第69回 NHK杯テレビ将棋トーナメント 稲葉八段 × 里見香奈女流戦
2019年8月18日、NHK杯テレビ将棋トーナメント2回戦第1局 稲葉陽八段 × 里見香奈女流五冠戦を観ました( ..)φ
- 対局前インタビュー
- 戦型は居飛車銀冠穴熊vs向かい飛車
- 10年ぶりの対局
- 後手が仕掛ける
- 考慮時間が分からない
- 二人は研究会仲間
- 大きなポイント
- 稲葉八段について
- 勝負どころ
- 先手良し
- 投了図以下
- 本局を振り返って
対局前インタビュー
Q.里見女流五冠の印象はいかがですか?
稲葉八段「10年前に一度公式戦で負かされてるんですけど、それから実績を積み上げられて、第一人者としてほんとに大変な強敵だなあと思っております」
Q.今期NHK杯戦の抱負をお願いします
稲葉「昨年は一局しか指せなかったので、今年は一局でも多く指せる様に頑張りたいと思います」
Q.稲葉八段の印象はいかがですか?
里見女流「はい、トップの棋士でA級に在籍されていますし、ほんとに大変強い先生という印象です」
Q.本局の抱負をお願いします
里見「自分の力を精一杯出し切って、悔いの無いように頑張りたいと思います」
戦型は居飛車銀冠穴熊vs向かい飛車
▲先手 稲葉陽八段
△後手 里見香奈女流五冠
(持ち時間各10分 使い切ると一手30秒未満 ただし秒読みに入ってから1分単位で10回の考慮時間がある)
先手は居飛車、後手は向かい飛車になりました
序盤は速いペースで進み、27手ぐらいまでほぼノータイム
後手は三間飛車に振り直し
先手は銀冠穴熊を目指します
藤田女流「後手はどの様な形を目指して行くんでしょうか?」
千田七段「通常であれば囲い合うんですけど、そうすると先手の玉が非常に堅くなってしまいますので、そうは指さずにもう強く攻めて行くつもりなんだと思います」
後手は8筋から玉頭を狙うとのこと
10年ぶりの対局
藤田「これまで1局対局がありまして、里見女流五冠の1勝となっております。稲葉八段のお話にもありましたように10年ぶりと言う事でしたね」
千田「結果は里見さんの勝ちなんですけれども、負けてる方が今回の対局で気負いなく行けるのか、逆にプレッシャーになってしまうのか」
藤田「里見女流五冠は2回目のNHK杯出場という事で久しぶりになりますね。

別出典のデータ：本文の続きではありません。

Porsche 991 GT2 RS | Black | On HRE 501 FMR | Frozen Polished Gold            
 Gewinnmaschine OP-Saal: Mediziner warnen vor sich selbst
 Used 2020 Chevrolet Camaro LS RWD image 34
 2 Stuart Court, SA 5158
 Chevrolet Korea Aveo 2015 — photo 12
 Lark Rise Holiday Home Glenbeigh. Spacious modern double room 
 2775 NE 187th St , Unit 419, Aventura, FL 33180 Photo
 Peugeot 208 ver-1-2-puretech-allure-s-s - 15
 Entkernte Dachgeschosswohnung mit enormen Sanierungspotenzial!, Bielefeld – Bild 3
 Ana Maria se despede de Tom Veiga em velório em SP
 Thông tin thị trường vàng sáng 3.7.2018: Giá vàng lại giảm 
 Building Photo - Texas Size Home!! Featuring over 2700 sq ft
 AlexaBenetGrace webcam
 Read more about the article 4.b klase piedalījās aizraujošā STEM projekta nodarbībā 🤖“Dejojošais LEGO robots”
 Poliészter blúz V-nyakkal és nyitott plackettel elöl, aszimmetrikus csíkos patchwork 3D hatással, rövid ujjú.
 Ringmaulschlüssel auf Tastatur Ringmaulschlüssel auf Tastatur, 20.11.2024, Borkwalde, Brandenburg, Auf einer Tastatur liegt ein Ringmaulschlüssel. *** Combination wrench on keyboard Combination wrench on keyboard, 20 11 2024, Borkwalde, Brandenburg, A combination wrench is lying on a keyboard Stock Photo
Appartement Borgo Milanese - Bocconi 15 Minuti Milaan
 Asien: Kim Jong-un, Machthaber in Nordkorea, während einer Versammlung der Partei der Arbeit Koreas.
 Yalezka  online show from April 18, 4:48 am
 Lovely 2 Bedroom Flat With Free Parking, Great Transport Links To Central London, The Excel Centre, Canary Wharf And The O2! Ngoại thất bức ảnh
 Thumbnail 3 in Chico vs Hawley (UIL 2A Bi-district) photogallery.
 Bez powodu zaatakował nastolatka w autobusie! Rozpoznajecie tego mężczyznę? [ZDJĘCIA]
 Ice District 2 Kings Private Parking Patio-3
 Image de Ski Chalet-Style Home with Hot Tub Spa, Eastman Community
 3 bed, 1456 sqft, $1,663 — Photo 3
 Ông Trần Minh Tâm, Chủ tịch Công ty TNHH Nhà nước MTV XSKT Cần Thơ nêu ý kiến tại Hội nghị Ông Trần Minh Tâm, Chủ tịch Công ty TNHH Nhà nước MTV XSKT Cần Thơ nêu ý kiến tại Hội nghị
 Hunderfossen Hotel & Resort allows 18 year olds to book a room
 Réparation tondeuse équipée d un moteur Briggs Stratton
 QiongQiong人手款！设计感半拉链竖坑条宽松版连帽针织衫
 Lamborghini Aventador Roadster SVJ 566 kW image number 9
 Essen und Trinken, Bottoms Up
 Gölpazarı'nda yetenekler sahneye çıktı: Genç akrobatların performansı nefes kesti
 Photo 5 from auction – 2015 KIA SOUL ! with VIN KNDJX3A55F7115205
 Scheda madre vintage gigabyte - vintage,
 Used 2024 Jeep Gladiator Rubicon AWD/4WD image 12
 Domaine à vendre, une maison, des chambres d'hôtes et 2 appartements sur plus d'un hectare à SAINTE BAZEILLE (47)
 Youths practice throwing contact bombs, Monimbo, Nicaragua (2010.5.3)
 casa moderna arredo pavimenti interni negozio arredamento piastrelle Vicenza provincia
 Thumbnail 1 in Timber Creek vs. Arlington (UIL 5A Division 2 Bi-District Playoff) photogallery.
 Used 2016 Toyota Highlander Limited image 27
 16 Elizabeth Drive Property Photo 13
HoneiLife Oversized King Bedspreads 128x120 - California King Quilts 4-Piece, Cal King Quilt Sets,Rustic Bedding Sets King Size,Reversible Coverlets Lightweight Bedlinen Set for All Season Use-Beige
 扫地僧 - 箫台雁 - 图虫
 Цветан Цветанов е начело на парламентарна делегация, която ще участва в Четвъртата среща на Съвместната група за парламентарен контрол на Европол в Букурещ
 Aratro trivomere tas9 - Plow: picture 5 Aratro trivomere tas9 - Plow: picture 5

現在五冠所持していまして男性棋戦でも活躍されてますし常にトップを走っている存在ですね。千田七段も対局されたことがあると言う事ですけど」
千田「奨励会時代に一度。新人王戦という棋戦で、私が奨励会員で里見さんが当時三冠すでに。多分9年とか7年とか前だと思うんですけど、その頃から女流三冠・タイトル複数冠持っていて」
藤田「その時対局されてどんな印象でしたか?」
千田「そうですねーまあ10年前とは言わないものの、かなり前の話になっているので・・対局内容は覚えてるんですけど、どういう心境だったかまでは覚えてないです、なかなか(笑)」
藤田「(笑)」
千田「最初下座に座られてたのが印象に残ってますね。当然ながら上座に座って頂かないといけないんですけど」
・・・
10年前の対局は里見さんは16歳の高校生、稲葉さんは四段でしたね
稲葉さんの自戦記に 「いまは私に勝って驚かれているが、そのうちに勝っても普通と思われるときがくるのではないか。」「今後はもっと活躍していきたい」と書かれていましたけれどその言葉通り今はA級八段。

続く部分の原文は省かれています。